3.1: Direct Proofs and Indirect Proofs
Read the opening discussion, "Proofs," Section 1, "The Axiomatic Method," and Sections 2 - 6, inclusive. In Unit 3, you will get a chance to apply a lot of what you have thought about and mastered in Units 1 and 2. Our domain of discourse is number theory, in particular proofs in elementary number theory.
Consider the following comparison of direct and indirect proofs. A direct proof is an argument that shows that the conclusion logically follows from the premises or assumptions by applying rules of inference in a sequence of steps.
Sections 1, 2, 4, and 5 deal with direct proofs. Section 2, "Proving an Implication," refers to statement such as P implies Q, and proving that Q is a consequence of P. In a logic system, P logically follows from the axioms and valid statements of the logic system, is another way of saying that P is a consequence of the axioms and valid statements or P is implied by them.
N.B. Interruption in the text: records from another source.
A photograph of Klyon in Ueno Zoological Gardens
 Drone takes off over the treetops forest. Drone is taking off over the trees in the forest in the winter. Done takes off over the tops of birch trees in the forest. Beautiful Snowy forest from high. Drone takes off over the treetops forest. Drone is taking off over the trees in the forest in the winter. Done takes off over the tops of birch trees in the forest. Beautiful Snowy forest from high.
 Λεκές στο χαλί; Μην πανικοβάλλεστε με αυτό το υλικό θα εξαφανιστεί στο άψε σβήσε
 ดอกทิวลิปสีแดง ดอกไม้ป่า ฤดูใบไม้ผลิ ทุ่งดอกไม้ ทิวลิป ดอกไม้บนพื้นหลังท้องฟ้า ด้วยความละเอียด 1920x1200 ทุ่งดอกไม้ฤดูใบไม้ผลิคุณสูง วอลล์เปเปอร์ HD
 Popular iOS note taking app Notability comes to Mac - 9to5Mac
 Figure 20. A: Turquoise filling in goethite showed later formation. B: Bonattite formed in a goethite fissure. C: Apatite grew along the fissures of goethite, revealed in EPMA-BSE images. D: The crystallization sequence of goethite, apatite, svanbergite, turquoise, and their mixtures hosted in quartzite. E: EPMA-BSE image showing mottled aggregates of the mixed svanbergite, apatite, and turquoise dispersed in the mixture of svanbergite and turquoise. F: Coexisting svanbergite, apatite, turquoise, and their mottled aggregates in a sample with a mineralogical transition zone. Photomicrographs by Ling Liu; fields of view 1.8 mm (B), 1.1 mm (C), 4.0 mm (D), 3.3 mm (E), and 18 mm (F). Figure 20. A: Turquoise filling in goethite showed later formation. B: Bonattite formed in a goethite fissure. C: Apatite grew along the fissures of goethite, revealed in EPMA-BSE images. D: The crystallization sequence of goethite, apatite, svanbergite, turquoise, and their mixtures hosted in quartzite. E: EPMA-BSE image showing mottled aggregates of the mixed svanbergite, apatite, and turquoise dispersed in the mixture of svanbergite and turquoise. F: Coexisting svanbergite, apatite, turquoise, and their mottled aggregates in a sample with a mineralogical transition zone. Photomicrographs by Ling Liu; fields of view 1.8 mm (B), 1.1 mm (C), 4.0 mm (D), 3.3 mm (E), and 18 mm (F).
This is what is meant by proving an implication.
Section 3 is related to indirect proof. Section 6 discusses indirect proof, also known as proof by contradiction, directly. An indirect proof, in contrast, is a proof in which the theorem to be proved is assumed false, and from this assumption, it is shown that a contradiction follows. Because the logic system is consistent, i.e. there are no contradictions, the theorem must be true. (Two statements are contradictions when they cannot both be true, and they cannot both be false.)
Read example 1 through example 4 on pages SF-3 to SF-6. It discusses proofs for sets.
3.1.1: Odd and Even Numbers
Read Section 1 through example 1 on pages NT-1 and NT-2. There are several commonly used sets of numbers that will be introduced to you; the first is the set of odd and even integers, i.e. the set of integers.
3.1.2: Prime Numbers
Read Section 1 beginning at "Prime Numbers and Factorization" on page NT-3, and continue up to example 3 on page NT-4. Example 3 also applies to 3.1.4 and 3.2.2 below. Prime numbers are the next set of commonly used numbers to be introduced. The introduction of prime numbers leads to the discussion of factoring an integer.
3.1.3: Proving and Disproving Universal Statements
3.1.3.1: Proof by Using the Method of Exhaustion
Reread example 2 on page NT-2, with special attention to the proof method, called proof by induction (an exhaustive proof method). This reading discusses a universal statement, which is just a statement that involves universal quantification.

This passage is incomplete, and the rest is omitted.